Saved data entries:
****************************************

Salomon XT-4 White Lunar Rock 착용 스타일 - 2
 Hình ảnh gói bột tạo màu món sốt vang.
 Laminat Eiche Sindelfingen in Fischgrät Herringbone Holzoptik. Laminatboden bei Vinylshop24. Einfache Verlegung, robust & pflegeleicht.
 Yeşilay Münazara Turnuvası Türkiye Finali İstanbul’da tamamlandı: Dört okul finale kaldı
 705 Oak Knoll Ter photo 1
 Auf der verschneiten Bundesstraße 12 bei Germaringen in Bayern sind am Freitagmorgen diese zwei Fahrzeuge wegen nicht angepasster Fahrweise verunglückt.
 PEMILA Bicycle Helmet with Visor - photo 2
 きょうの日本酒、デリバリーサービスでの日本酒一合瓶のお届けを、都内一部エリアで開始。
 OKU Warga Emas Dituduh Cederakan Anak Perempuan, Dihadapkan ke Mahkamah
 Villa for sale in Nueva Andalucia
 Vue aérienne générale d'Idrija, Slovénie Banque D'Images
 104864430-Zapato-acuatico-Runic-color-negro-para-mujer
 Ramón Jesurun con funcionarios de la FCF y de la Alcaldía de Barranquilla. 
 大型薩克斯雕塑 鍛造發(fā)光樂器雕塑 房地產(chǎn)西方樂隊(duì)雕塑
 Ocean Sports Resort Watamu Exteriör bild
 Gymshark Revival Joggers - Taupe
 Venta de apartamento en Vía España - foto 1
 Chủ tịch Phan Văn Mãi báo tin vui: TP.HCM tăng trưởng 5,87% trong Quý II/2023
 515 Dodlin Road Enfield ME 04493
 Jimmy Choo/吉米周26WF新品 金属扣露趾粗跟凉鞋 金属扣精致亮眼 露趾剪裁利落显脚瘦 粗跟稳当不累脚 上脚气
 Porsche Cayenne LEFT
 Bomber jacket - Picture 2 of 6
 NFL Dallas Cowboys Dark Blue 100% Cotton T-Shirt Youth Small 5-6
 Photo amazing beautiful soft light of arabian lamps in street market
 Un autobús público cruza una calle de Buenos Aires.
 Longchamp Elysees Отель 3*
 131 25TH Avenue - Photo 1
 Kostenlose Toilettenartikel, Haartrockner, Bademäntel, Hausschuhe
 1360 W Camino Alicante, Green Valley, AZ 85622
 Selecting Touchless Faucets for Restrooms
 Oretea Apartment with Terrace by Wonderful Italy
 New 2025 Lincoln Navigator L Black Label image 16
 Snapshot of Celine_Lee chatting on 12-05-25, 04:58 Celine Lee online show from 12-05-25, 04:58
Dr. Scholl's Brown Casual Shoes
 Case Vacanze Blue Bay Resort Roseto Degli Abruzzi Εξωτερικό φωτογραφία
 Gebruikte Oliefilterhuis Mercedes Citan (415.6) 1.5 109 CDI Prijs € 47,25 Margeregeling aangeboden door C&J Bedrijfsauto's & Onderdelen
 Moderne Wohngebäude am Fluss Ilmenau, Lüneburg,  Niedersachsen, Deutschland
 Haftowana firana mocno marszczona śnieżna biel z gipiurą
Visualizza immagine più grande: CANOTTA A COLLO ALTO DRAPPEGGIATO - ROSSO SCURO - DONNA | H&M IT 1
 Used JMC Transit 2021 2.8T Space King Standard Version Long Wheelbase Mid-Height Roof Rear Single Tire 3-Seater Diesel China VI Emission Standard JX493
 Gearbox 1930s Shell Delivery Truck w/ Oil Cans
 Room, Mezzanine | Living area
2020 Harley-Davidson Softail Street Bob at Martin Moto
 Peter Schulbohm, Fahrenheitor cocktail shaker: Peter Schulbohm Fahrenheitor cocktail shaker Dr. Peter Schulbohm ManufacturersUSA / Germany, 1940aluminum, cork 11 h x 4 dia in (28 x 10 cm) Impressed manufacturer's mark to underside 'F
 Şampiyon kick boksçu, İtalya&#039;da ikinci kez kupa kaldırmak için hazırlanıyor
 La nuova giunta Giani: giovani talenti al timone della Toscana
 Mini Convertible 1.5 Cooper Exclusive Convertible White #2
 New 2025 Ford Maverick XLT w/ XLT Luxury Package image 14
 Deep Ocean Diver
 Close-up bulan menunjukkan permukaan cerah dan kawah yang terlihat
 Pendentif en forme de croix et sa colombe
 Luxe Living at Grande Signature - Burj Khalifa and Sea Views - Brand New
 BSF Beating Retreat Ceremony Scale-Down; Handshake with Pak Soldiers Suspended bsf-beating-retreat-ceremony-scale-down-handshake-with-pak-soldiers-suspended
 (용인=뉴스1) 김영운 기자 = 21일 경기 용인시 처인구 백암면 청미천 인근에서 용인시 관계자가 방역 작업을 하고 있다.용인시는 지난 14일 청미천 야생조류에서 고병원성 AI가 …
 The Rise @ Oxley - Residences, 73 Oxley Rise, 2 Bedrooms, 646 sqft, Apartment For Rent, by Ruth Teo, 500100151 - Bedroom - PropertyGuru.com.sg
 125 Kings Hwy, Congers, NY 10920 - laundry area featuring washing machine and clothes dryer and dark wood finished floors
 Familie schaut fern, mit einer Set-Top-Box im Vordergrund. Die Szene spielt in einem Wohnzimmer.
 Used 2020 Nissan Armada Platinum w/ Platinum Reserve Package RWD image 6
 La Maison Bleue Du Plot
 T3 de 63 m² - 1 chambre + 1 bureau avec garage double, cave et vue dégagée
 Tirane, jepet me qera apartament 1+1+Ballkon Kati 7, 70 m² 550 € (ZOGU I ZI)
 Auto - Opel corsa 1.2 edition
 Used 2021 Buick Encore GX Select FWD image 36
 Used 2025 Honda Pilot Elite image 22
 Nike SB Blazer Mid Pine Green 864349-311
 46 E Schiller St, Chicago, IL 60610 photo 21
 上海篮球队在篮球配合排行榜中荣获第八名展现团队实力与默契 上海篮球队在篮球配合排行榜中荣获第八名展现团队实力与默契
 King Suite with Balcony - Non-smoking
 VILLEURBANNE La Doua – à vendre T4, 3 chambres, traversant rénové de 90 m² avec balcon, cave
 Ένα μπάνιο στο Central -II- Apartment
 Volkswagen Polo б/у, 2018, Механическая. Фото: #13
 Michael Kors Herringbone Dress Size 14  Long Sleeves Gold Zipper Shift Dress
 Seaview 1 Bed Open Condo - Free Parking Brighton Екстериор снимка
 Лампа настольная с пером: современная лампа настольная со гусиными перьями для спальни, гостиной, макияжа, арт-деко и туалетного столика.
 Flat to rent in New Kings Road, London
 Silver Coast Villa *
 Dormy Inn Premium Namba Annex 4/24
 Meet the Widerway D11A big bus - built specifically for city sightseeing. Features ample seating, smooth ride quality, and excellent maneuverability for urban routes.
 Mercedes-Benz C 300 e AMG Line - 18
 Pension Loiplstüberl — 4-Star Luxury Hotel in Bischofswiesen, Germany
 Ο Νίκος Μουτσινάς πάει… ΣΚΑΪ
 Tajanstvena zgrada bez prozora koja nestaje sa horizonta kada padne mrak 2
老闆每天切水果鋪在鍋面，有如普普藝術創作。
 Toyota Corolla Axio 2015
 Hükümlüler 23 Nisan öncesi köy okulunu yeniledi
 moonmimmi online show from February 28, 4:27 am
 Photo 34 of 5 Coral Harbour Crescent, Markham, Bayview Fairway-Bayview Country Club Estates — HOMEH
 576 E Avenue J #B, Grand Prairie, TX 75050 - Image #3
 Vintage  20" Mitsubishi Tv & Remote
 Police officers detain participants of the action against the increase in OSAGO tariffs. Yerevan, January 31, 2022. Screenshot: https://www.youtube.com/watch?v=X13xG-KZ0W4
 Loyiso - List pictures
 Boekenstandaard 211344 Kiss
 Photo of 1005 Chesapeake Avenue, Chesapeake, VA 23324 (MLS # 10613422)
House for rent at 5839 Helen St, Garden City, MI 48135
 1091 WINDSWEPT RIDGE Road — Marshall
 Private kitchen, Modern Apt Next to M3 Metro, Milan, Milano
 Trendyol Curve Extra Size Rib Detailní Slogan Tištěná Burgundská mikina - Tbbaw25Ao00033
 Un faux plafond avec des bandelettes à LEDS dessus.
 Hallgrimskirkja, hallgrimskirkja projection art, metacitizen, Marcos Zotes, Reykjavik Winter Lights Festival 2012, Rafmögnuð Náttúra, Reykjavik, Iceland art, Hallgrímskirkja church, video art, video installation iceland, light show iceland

****************************************

WORK REQUIRED: For the data above, state how many of its lines contain the word "Blue", giving no other text.

EXERCISE SOLUTION: 2